Speaking of judging, the next year found Millay making recommendations to the Guggenheim Foundation on behalf of poets she felt were worthy--and, in the case of 39-year-old Edward Estlin Cummings, a man she admittedly disliked personally and called “fetid,” applicants who were worthy of damning with faint praise. Here’s part of what Millay wrote in her Guggenheim “recommendation” for Cummings: is a big talent in the hands of an arrogant, peevish, self satisfied, self indulgent writer. That is to say, here is a big talent in pretty bad hands.
     I am not one of those who stand for the untouchable holiness of the capital letter and traditional typography. So far as I am concerned, Mr. Cummings may do anything he likes with the alphabet, the English grammar, and the multiplication table, provided only the result of his activities be something interesting, and, after a reasonable period of application, comprehensible, to a reader of culture and brains. Mr. Cummings may not, however, I say, write poetry in English which is more difficult for me to translate than poetry written in Latin. He may, of course, write it. But if he publishes it, if he prints and offers for sale poetry which he is quite content should be, after hours of sweating concentration, inexplicable from any point of view to a person as intelligent as myself, then he does so with a motive which is frivolous from the point of view of art, and should not be helped or encouraged by any serious person or group of persons...
     But, unfortunately for one’s splendid hate which had assumed almost epic proportions, by no means all of Mr. Cummings poetry is of this nature. In these books which I have just been reading there is fine writing and powerful writing (as well as some of the most pompous nonsense I ever let slip to the floor with a wide yawn), and that this author has ability I could not deny; that he has more than that I gravely suspect.

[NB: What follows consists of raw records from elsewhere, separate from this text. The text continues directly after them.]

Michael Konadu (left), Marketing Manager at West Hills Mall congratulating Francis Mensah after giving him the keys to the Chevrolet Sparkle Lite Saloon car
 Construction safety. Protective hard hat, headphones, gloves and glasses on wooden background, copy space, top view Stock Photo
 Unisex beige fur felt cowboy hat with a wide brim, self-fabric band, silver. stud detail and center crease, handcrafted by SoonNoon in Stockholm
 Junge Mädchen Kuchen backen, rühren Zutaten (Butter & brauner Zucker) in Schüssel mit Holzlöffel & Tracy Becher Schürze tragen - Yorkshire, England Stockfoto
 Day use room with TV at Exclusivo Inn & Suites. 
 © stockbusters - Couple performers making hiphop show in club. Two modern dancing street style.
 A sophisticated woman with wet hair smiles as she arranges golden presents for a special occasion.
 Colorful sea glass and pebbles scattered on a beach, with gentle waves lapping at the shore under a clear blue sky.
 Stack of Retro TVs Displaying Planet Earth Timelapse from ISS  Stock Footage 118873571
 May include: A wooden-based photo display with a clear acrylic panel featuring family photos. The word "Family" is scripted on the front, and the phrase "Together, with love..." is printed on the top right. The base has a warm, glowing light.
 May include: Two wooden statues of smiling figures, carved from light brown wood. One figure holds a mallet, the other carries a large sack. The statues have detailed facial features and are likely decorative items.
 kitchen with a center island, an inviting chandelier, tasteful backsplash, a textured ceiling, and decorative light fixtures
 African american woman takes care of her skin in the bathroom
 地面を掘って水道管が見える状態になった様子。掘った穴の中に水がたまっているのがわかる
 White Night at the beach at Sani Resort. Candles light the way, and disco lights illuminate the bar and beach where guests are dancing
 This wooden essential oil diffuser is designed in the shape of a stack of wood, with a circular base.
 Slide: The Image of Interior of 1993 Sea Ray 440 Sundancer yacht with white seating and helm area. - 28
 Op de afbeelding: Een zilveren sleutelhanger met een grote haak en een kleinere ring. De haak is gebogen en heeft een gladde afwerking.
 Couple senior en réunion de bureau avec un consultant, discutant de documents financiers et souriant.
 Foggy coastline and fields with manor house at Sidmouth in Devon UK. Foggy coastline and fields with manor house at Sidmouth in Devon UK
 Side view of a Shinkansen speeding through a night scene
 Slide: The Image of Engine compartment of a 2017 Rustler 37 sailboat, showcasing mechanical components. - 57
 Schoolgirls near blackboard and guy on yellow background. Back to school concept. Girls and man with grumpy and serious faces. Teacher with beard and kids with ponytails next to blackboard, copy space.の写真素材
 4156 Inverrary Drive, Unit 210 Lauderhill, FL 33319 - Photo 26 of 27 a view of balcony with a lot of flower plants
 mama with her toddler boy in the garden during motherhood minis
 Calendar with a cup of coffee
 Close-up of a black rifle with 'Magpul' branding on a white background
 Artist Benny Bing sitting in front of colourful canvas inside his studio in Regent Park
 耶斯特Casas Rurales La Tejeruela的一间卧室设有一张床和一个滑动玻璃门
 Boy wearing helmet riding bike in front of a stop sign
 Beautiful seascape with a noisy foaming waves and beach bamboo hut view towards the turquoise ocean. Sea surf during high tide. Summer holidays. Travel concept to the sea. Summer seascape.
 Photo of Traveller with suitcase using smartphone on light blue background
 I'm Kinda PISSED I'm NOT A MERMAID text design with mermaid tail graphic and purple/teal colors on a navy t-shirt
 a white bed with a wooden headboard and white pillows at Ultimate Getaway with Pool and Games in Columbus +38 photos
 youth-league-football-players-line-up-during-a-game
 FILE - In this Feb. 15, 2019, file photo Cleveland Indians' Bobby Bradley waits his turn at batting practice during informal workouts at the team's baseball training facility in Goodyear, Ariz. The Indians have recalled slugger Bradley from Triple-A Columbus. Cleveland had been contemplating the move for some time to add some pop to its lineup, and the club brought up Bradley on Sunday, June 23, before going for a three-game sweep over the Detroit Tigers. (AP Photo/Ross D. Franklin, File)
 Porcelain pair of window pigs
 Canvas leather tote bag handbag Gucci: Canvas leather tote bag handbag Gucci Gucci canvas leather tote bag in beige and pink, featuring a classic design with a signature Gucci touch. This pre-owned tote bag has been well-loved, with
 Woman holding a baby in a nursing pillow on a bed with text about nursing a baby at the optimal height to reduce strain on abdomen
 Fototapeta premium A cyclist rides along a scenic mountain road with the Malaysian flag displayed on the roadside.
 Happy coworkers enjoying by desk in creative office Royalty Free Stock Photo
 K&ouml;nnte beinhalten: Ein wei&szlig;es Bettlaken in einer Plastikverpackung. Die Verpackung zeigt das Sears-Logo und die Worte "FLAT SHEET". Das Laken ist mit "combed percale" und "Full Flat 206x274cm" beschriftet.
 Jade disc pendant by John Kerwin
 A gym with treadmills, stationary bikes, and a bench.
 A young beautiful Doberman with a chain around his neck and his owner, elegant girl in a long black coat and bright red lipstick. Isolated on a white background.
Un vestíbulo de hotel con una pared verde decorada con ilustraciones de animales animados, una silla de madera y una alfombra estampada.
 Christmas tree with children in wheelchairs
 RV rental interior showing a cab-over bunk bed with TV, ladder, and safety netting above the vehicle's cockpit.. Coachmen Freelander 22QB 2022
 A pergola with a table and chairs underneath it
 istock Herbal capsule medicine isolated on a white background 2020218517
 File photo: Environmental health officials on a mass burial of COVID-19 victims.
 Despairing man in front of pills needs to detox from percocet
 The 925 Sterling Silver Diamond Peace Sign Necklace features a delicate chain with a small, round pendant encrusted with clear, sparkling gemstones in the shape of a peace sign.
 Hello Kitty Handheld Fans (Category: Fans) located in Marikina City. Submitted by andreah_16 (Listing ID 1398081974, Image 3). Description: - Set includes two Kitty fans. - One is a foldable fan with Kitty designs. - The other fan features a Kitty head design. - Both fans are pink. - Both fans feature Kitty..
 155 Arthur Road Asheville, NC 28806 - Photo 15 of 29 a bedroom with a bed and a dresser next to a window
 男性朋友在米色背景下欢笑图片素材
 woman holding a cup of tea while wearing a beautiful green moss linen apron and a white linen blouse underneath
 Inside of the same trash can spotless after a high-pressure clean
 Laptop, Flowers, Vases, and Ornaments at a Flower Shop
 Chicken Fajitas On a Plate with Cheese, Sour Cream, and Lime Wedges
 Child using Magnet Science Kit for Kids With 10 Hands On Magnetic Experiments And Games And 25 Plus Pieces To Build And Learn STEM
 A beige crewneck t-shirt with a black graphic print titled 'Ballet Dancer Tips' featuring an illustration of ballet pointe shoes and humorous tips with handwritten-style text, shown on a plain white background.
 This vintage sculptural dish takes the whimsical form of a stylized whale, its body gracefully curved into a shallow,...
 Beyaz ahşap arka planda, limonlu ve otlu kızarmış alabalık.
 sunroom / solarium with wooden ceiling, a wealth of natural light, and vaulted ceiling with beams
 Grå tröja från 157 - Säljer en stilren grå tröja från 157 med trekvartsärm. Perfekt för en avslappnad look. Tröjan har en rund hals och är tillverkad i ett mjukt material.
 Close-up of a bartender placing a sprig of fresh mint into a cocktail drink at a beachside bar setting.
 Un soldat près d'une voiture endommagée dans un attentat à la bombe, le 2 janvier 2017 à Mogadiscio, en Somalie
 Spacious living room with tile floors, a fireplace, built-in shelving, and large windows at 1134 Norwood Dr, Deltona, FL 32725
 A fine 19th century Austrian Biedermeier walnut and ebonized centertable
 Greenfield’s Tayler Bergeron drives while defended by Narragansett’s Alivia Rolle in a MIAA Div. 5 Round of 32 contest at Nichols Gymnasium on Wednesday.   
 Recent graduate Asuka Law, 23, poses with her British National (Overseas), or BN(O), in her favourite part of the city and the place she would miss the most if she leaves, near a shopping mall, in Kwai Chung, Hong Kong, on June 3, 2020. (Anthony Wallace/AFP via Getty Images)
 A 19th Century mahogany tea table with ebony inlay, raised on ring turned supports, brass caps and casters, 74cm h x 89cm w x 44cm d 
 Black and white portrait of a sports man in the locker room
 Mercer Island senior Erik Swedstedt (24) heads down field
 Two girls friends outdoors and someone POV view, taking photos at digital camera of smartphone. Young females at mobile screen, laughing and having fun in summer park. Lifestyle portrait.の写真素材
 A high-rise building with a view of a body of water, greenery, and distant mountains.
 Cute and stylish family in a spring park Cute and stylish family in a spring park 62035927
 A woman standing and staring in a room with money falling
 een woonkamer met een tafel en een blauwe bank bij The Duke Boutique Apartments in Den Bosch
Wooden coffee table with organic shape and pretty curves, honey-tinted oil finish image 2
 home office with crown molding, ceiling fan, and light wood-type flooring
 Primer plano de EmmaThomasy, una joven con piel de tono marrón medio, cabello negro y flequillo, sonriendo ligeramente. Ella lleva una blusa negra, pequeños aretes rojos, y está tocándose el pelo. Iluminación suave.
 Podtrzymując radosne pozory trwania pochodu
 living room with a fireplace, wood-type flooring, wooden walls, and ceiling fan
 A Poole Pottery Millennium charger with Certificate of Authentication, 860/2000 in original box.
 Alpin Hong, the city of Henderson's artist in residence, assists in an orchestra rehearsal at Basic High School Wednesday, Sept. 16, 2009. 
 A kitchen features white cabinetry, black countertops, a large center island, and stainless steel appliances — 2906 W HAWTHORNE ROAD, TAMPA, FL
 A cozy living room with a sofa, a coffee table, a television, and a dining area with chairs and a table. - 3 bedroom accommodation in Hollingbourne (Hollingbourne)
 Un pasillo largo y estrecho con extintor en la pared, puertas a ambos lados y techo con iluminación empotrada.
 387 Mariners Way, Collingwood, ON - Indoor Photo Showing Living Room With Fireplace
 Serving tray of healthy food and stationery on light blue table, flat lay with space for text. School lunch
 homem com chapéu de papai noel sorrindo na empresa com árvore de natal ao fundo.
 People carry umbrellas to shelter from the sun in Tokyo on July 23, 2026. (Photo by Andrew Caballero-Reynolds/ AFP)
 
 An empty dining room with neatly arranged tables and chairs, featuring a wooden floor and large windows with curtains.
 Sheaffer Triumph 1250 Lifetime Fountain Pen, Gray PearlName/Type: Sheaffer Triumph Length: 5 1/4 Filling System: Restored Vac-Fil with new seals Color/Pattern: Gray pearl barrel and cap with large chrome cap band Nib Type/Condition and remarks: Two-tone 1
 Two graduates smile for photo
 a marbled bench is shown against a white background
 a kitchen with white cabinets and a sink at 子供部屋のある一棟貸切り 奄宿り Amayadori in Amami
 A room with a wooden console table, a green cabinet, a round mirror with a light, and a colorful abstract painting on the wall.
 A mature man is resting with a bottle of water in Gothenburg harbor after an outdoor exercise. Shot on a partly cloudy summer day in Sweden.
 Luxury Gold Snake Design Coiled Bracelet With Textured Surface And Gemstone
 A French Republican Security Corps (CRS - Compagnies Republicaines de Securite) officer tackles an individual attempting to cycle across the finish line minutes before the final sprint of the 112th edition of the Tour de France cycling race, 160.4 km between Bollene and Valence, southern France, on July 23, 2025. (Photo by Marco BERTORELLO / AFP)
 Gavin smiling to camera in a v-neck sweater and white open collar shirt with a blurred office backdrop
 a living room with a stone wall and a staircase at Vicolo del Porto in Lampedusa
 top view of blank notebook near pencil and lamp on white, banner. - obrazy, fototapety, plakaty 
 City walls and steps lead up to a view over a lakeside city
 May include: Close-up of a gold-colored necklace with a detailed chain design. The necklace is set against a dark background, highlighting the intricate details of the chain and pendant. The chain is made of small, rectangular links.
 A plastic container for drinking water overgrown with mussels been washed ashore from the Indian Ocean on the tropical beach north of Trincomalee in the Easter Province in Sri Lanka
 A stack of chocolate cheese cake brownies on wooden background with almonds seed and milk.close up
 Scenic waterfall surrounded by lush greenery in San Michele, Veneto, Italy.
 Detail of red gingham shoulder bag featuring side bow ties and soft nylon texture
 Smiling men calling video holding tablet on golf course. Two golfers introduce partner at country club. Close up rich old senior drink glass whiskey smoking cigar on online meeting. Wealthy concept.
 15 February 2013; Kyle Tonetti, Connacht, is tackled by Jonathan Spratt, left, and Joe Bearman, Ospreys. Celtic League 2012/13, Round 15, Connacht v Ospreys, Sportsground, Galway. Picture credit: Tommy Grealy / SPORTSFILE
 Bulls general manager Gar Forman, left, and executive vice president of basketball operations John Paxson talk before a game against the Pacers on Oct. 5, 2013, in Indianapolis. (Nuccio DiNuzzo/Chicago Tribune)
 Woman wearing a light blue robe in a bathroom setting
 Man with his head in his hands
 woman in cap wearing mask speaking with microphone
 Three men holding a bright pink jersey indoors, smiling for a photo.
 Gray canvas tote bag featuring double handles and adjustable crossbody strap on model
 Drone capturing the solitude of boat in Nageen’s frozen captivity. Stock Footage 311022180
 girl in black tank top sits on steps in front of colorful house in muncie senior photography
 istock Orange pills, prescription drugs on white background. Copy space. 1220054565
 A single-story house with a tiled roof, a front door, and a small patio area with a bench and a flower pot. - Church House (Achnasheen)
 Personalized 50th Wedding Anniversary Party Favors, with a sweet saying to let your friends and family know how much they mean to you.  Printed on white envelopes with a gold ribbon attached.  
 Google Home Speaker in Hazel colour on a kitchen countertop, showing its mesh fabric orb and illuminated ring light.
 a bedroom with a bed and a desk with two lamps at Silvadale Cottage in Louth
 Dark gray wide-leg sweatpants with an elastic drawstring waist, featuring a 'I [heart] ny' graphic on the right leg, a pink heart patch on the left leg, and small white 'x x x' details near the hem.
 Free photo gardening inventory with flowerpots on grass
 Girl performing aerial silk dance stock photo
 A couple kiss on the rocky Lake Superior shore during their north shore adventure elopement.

     What I propose, then, is this: that you give Mr. Cummings enough rope. He may hang himself; or he may lasso a unicorn. In any case it is high time we found out about this man Cummings. Let us give him every opportunity to show us at once whether he is a genius, a charlatan, or a congenital defective,—and get him off our minds.

In the end, Milford tells us, Cummings got his Guggenheim.